The road to growth: How The Times (UK) reaches 500k subscribers milestone
At the end of June, News UK title The Times and the Sunday Times reached 500,000 subscribers, with digital-only subscriptions overtaking print for the first time, up 20 percent from the previous year to 255,000.
The Times has grown its registered-access user pool — where readers share their email address to access two articles a week — to 3.75 million since it was introduced in 2017. To move this cohort to full subscribers and keep audience acquisition up and churn down, the focus is in understanding how these readers react differently to subscription offers through messaging and distribution and offering them relevant content at the right time.
“We were confident that by getting people sampling our content we’d identify new subscribers,” said Chris Duncan, managing director of The Times and The Sunday Times. “This milestone is part of our broader growth plans, it’s only just the beginning.”
The Times has introduced relevant articles based on reading history into half of the content served in its daily email, The Best of The Times, which registered-access users are automatically subscribed to when they sign up. Over the next year, it plans to make personalization more automated.
As such, The Times’ cost for acquiring new customers is lower than it has been in five years, according to Duncan, although he wouldn’t share absolute figures.
The Times’ “digital butler” is also learning when is the right time registered-access users want to receive messages and then sending out personalized emails, born out of predictive data models that judge when the highest probability of subscribing is. It will extend this to push notifications, text messages and social channels over time.
“If you’re seeing messaging from us because you read about Brexit, do we make that general messaging or relevant messaging, and can we then get you to sign up to [political daily newsletter] Red Box?” said Duncan. “We’re constantly learning what our conversion targets could be, it’s something we’re constantly looking to improve and it’s gradually ticking up.”
Churn rate has reduced by 10 percentage points, mostly this is thanks to serving relevant content to lapsed subscribers and subscribers through Facebook when it notices changes in reader frequency of visits, interactions with articles, recency of visits to the site and the number of articles read.

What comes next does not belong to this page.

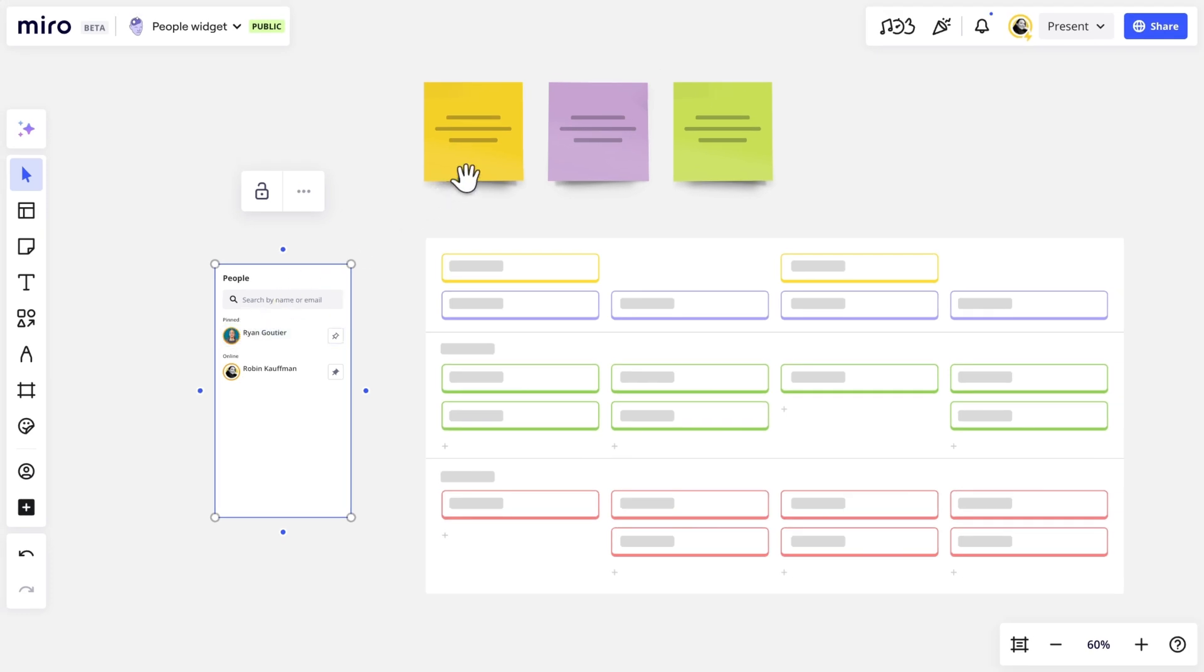Now we can simply drag a collaborator's avatar anywhere we want on the board. This is useful for creating breakout spaces, visually assigning speakers to presentations, or some creative icebreakers.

In May, The Times made it a lot easier for people to move from registered-access users to full subscribers by reducing the number of subscription bundles on offer from 15 to three and reducing the number of pages in its store from 200 to 10, according to Duncan. Immediately bounce rate went down, and having fewer lower-cost bundles encouraged readers to take a more expensive seven-day subscription without having an impact on the acquisition rate, according to Duncan.
“What’s worked really well for The Times in the last 12 months is that it’s taken a holistic approach,” said Greg Harwood, director at strategy and marketing consultant Simon-Kucher & Partners. “It’s improved the user experience and the aesthetics of the site, which drives conversion, and — in parallel — it’s changed the commercial strategy, the pricing and the introductory offers.”
In order to keep its longer-term subscribers loyal, the publisher is more flexible with The Times+, its events and rewards program for subscribers. The Times offered event tickets with actor Michael Caine discussing his documentary before opening it out to all subscribers. According to Duncan, the event was mostly filled with publisher’s most valuable customers, and there was only 1 percent difference in subscription churn rate between those who attended the event and those longer-term subscribers who were invited yet didn’t attend. “It’s hard to reward tenure in news organizations,” he said, “that helped us to understand the value of our loyal users.”